Convencer os colegas foi tarefa menos árdua que vencer minha própria inércia. Saímos do Estoril, rumo à Baixa. A cidade, sob o sol generoso da tarde, desdobrava-se em tons de desbotado e resiliência. Flexões de memória – frágeis, como teias de aranha – guiaram-nos por vielas onde o passado colonial espreitava das fachadas descascadas. Cansados, os pés a reclamar em surdina, o apelo tornou-se unânime: o mar. A frescura salgada, o horizonte aberto, o descanso merecido à beira do Índico.
Por: Mozinfoeric
“Ponta-Gea!”, lancei eu, triunfante, a imagem mental colada às revistas de turismo: palmeiras, esplanadas, ondas gentis.
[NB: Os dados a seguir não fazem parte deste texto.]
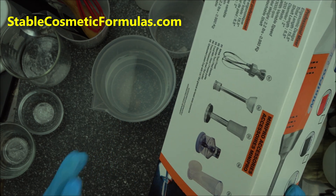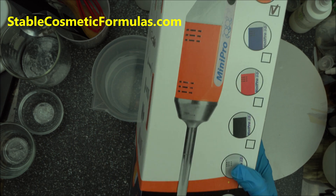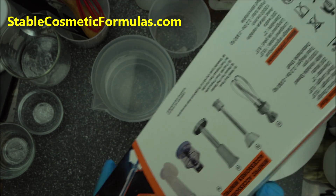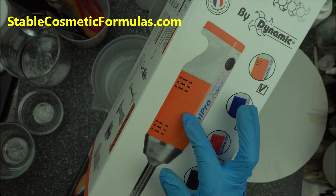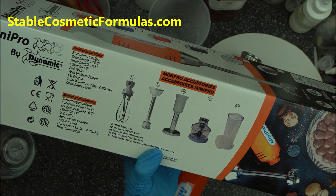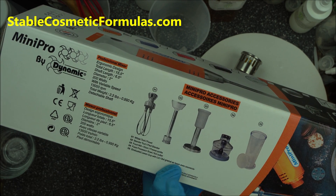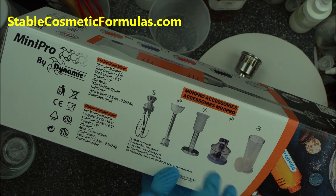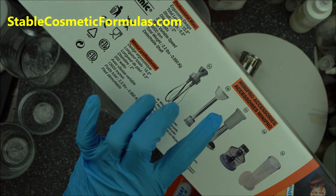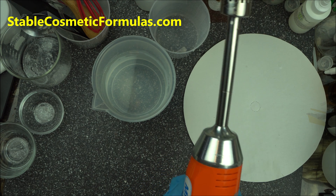As a cosmetic formulator, the head you need does not come with this package. The only reason you're buying this package is for the bottom part — this homogenizing head. This homogenizing head is what you need to blend your gum, homogenize your lotion, your cream, and so on. When I got this, I removed the first attachment and put the homogenizer head on.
Mas a democracia do cansaço tem vozes inesperadas. Um colega, cuja memória da Beira era tão nebulosa quanto a minha, ergueu a bandeira da Praia Nova. “Lá é bom! Dá para ir a pé daqui. Sítios para sentar, cerveja fresca…”. A voz da suposta experiência ecoou mais forte. Minha Ponta-Gea, mera fantasia de papel couché, rendeu-se ao relato concreto (ainda que duvidoso) dos degraus de esplanada e das garrafas geladas. Seguimos, o entusiasmo reavivado pelo íman azul do oceano.
O primeiro encontro foi um murro nos sentidos. Antes da areia, um cinturão de mangal, denso, sufocante. E o cheiro. Um cheiro que não se anunciava, mas agredia. Pútrido, nauseabundo, uma mistura densa de ovos podres e decomposição que se agarrava à garganta. Troquei olhas de alarme com os outros. O colega, nosso improvável guia, fez um gesto vago e otimista: “É só atravessar isto! O melhor vem depois, prometo! É o deserto antes do oásis!”. A metáfora, naquele contexto, soou grotesca.
Entramos na areia. Ou melhor, num tapete obsceno. Não era a douradura prometida, mas uma colcha de retalhos multicoloridos e viscosos. Branco, castanho, negro, verde… Fezes. Humanas, caninas, uma competição mórbida entre as velhas, ressequidas, e as novas, ainda brilhantes de umidade repugnante. O cheiro, agora, era um ser vivo, um fantasma pegajoso que nos envolvia, penetrava as roupas, os poros. Saltávamos como gafanhotos encurralados, evitando as poças pestilentas, cada salto um mergulho mais fundo naquele estuário de desilusão.